# Assigned task
Transcribe exactly the stretch of lines beginning at the one containing "Apple Green Quartz Kitchen Countertop" and closing with the last line of the entries below. Omit images.

Captioned web image data:

════════

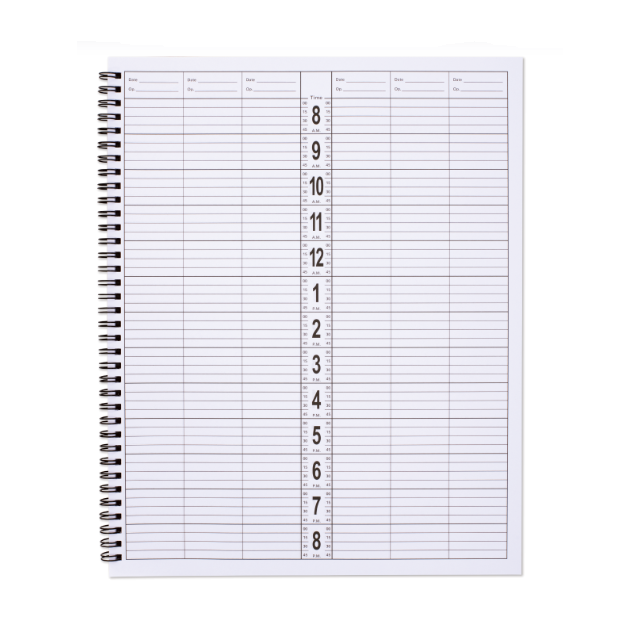 Appointment Book - 6 Column (Blue) page
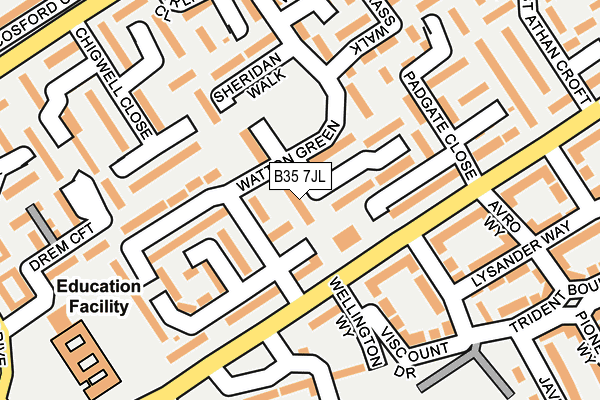 B35 7JL map - OS OpenMap – Local (Ordnance Survey)
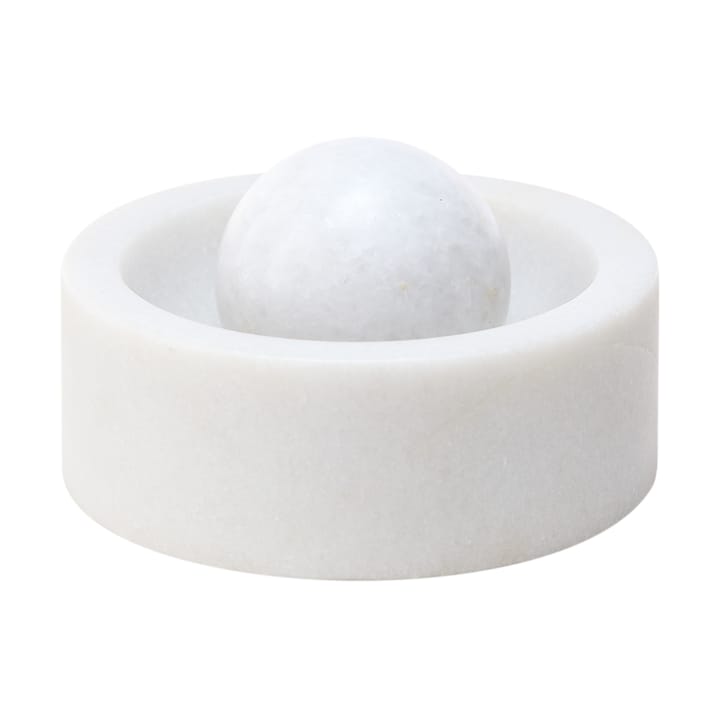 Stone spice grinder Ø12 cm - White marble - Tom Dixon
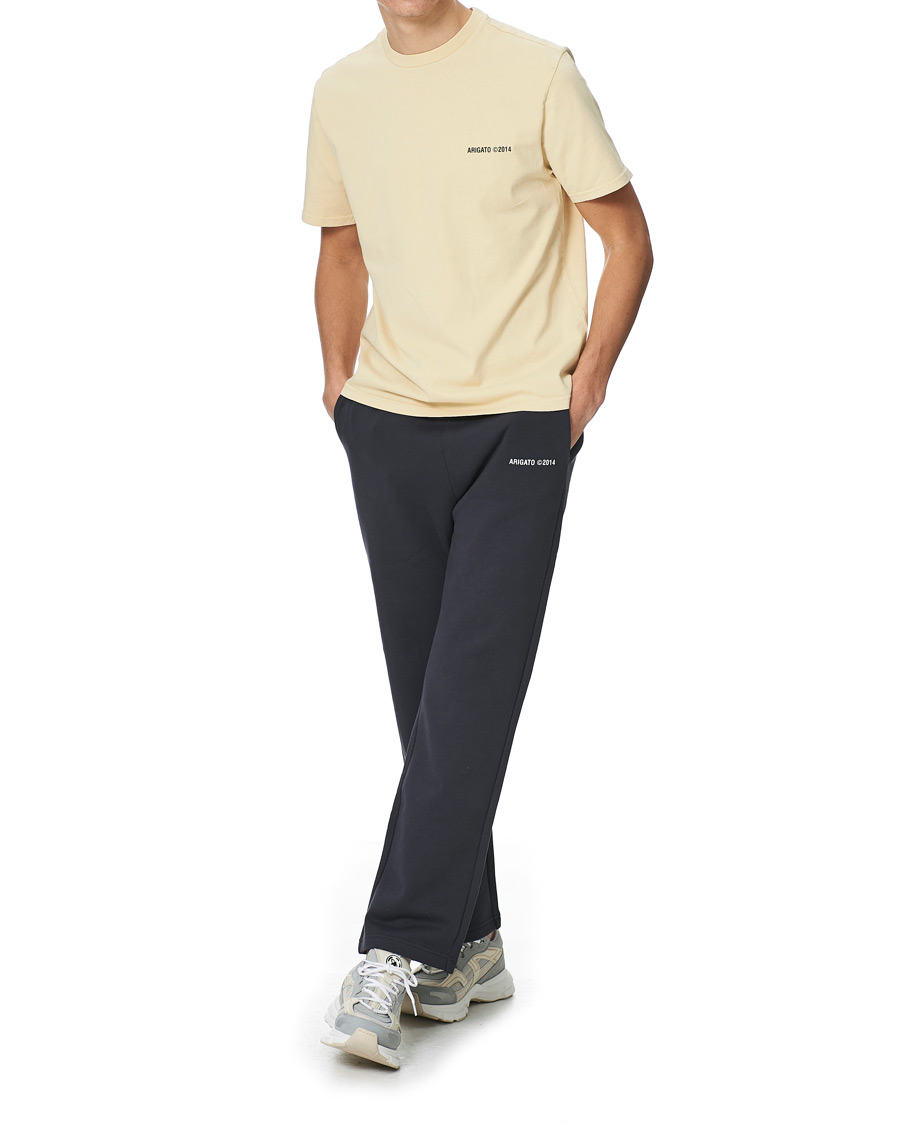 Heren | T-shirts | Axel Arigato | London Tee Natural Yellow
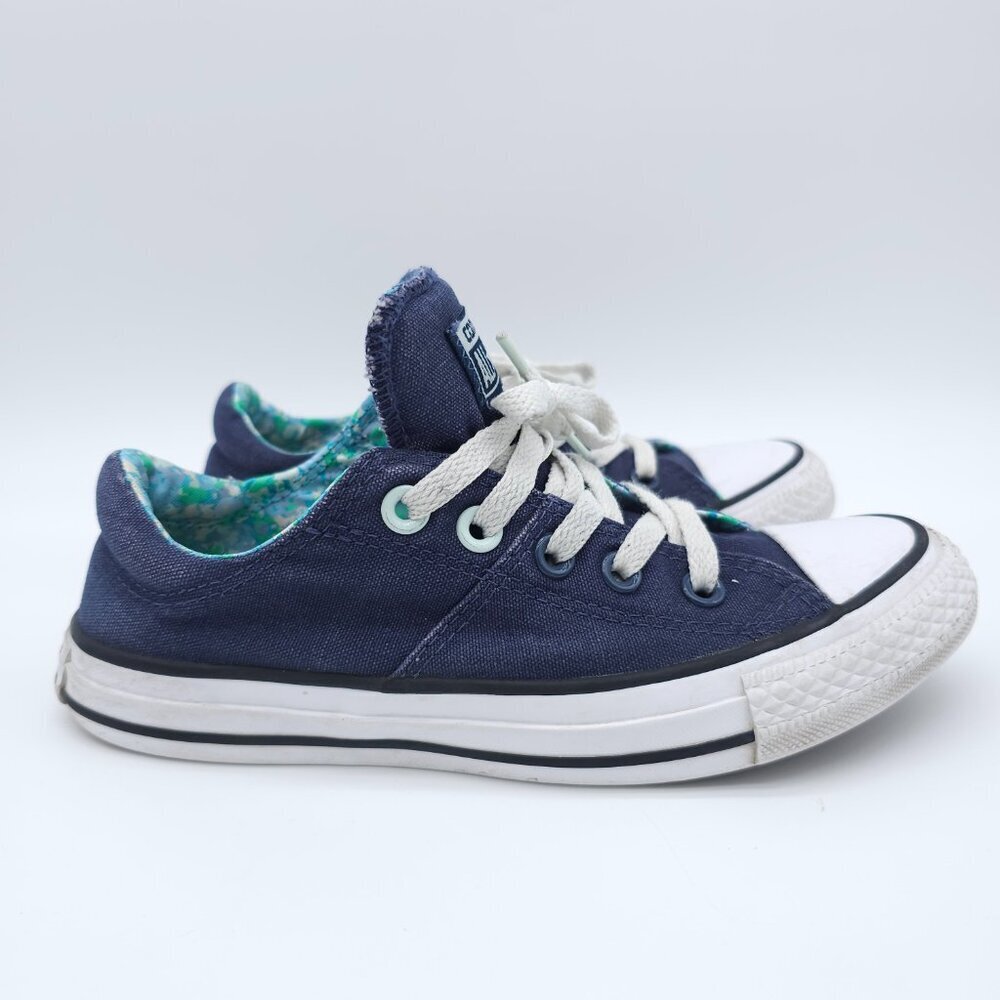 Converse All Star Low Top Sneakers Women US 6 Blue Canvas Lace Up Shoes - Picture 4 of 16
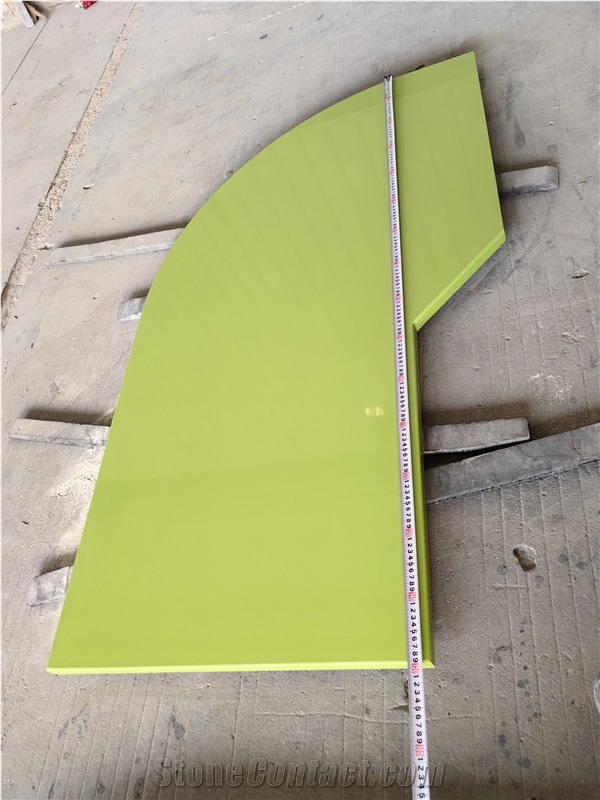 Apple Green Quartz Kitchen Countertop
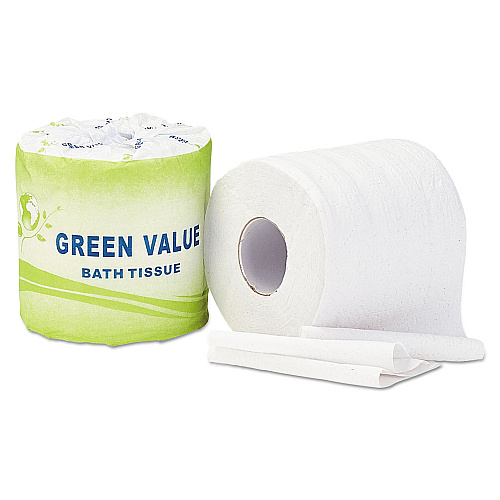 GEN Standard Bath Tissue, Septic Safe, 2-Ply, White, 420 Sheets/Roll, 96 Rolls/Carton (TP002)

════════

# Task response
 Apple Green Quartz Kitchen Countertop
 GEN Standard Bath Tissue, Septic Safe, 2-Ply, White, 420 Sheets/Roll, 96 Rolls/Carton (TP002)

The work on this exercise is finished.